En Allemagne, le secteur du bâtiment a ainsi fixé à 11,05 euros le SMIC horaire brut pour les régions de l’Ouest et à 10,25 euros pour celles de l’Est. On relèvera qu’il s’agit d’un des taux les plus conséquents d’Europe puisque le salaire minimum généralisé le plus élevé du Vieux Continent est celui du Luxembourg (11,10 euros l’heure) devant ceux de la France (9,43 euros) et de la Belgique (9,10 euros). A l’autre bout de l’échelle, les SMIC horaires les plus bas au sein de l’Union européenne (UE) sont ceux de la Slovénie (4,53 euros), de l’Espagne (3,91 euros) et de la Grèce (3,35 euros). A titre de comparaison, le salaire minimum horaire en Algérie est de 103,84 dinars soit, au taux officiel, 0,96 euros.
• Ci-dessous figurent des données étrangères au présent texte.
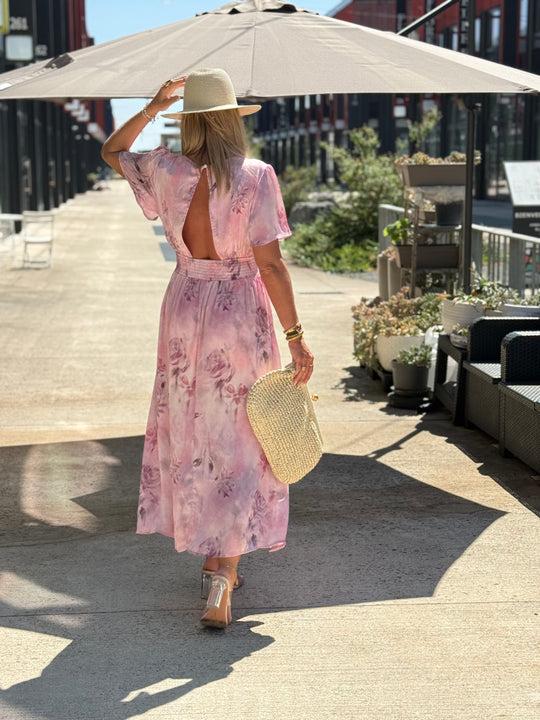 Robe longue imprimé floral rose 1386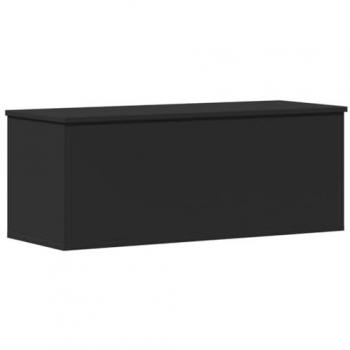 Caja de almacenaje madera de ingeniería negro 90x35x35 cm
Aujourd’hui, le SPD allemand réclame l’instauration d’un salaire minimum généralisé de 8,5 euros. C’est une manière pour ce parti de faire oublier que c’est l’un des siens, en l’occurrence Gerhard Schröder, qui a mis en place, au début des années 2000, les fameux emplois à 1 euro de l’heure afin de doper la compétitivité germanique et faire refluer le chômage. De son côté, Merkel et le patronat, reprenant en cela les thèses libérales, affirment qu’un SMIC horaire généralisé et fixé par la loi détruira des emplois. Les estimations les plus alarmistes tablent même sur la destruction d’un million d’emplois. Le débat fait donc rage entre économistes quant à la portée réelle de cette mesure.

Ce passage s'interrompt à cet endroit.